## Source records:
↓↓↓

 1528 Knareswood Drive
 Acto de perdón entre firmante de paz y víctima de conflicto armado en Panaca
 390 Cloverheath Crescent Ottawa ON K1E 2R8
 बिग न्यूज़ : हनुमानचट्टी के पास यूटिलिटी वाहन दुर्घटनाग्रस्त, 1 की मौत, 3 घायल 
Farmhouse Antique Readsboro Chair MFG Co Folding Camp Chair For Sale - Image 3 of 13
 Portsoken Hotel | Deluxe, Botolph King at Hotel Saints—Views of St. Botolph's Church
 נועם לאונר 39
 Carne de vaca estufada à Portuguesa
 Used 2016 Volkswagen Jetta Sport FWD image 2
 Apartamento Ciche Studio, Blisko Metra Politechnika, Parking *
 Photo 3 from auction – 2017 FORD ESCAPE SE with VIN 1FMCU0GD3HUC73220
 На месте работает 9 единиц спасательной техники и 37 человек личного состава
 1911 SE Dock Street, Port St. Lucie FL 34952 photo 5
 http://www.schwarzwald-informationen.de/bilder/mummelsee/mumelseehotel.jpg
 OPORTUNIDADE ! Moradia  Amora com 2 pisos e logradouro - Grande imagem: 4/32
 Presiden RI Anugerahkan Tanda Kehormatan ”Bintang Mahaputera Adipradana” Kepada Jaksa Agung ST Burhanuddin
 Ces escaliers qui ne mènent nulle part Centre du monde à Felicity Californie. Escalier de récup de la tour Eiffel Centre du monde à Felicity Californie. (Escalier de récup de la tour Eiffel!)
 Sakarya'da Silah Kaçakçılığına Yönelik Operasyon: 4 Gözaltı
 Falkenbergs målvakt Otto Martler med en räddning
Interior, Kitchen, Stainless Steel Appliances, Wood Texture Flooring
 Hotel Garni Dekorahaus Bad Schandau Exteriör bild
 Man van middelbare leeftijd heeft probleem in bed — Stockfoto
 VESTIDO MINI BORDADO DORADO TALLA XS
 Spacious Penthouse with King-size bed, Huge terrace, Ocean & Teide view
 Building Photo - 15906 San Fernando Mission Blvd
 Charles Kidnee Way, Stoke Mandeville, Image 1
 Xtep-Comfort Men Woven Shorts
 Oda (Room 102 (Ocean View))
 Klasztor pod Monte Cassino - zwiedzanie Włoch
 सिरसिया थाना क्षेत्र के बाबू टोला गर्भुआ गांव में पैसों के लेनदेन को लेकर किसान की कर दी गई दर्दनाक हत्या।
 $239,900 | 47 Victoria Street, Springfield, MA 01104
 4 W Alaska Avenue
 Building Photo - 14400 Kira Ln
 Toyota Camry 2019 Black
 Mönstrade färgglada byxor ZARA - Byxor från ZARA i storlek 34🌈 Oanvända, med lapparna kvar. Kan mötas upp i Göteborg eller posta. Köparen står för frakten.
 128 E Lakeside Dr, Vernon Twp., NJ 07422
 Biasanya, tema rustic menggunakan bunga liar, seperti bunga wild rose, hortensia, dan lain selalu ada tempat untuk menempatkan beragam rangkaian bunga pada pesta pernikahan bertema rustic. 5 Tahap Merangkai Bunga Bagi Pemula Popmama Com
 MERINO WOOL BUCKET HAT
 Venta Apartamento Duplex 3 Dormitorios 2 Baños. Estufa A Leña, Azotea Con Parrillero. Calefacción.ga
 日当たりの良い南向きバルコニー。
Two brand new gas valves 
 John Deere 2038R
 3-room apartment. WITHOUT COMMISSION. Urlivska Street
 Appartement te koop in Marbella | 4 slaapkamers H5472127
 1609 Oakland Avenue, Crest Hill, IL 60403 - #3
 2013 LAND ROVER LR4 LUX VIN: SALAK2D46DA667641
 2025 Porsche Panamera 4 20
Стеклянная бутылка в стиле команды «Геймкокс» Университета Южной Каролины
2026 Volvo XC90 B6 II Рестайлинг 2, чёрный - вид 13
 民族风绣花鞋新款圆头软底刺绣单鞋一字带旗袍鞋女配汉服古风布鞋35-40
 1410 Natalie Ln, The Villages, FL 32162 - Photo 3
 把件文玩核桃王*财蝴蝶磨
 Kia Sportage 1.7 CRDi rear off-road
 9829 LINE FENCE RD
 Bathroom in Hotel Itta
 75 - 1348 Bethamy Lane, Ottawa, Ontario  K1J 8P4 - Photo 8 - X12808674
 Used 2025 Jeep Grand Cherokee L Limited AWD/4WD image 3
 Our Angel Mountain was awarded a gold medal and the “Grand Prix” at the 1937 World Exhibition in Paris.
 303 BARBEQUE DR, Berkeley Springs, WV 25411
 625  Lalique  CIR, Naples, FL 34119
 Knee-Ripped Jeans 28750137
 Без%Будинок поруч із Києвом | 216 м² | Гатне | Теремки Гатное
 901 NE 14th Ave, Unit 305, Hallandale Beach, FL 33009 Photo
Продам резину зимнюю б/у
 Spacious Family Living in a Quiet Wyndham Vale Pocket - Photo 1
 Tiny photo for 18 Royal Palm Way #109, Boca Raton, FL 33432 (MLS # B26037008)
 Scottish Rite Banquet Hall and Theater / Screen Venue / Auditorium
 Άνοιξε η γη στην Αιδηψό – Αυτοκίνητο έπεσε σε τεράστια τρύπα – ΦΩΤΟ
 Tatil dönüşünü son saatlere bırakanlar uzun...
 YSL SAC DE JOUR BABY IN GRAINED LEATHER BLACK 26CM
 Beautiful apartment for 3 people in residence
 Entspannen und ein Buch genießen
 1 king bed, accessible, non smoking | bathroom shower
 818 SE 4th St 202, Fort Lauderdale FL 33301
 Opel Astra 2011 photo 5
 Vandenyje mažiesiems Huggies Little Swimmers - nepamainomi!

↑↑↑

## WORK INSTRUCTION:
Find "Building Photo - 14400 Kira Ln" in the entries above and copy that whole line exactly, then each line after it through the line that contains "把件文玩核桃王*财蝴蝶磨".

## RESPONSE TO THIS TASK:
 Building Photo - 14400 Kira Ln
 Toyota Camry 2019 Black
 Mönstrade färgglada byxor ZARA - Byxor från ZARA i storlek 34🌈 Oanvända, med lapparna kvar. Kan mötas upp i Göteborg eller posta. Köparen står för frakten.
 128 E Lakeside Dr, Vernon Twp., NJ 07422
 Biasanya, tema rustic menggunakan bunga liar, seperti bunga wild rose, hortensia, dan lain selalu ada tempat untuk menempatkan beragam rangkaian bunga pada pesta pernikahan bertema rustic. 5 Tahap Merangkai Bunga Bagi Pemula Popmama Com
 MERINO WOOL BUCKET HAT
 Venta Apartamento Duplex 3 Dormitorios 2 Baños. Estufa A Leña, Azotea Con Parrillero. Calefacción.ga
 日当たりの良い南向きバルコニー。
Two brand new gas valves 
 John Deere 2038R
 3-room apartment. WITHOUT COMMISSION. Urlivska Street
 Appartement te koop in Marbella | 4 slaapkamers H5472127
 1609 Oakland Avenue, Crest Hill, IL 60403 - #3
 2013 LAND ROVER LR4 LUX VIN: SALAK2D46DA667641
 2025 Porsche Panamera 4 20
Стеклянная бутылка в стиле команды «Геймкокс» Университета Южной Каролины
2026 Volvo XC90 B6 II Рестайлинг 2, чёрный - вид 13
 民族风绣花鞋新款圆头软底刺绣单鞋一字带旗袍鞋女配汉服古风布鞋35-40
 1410 Natalie Ln, The Villages, FL 32162 - Photo 3
 把件文玩核桃王*财蝴蝶磨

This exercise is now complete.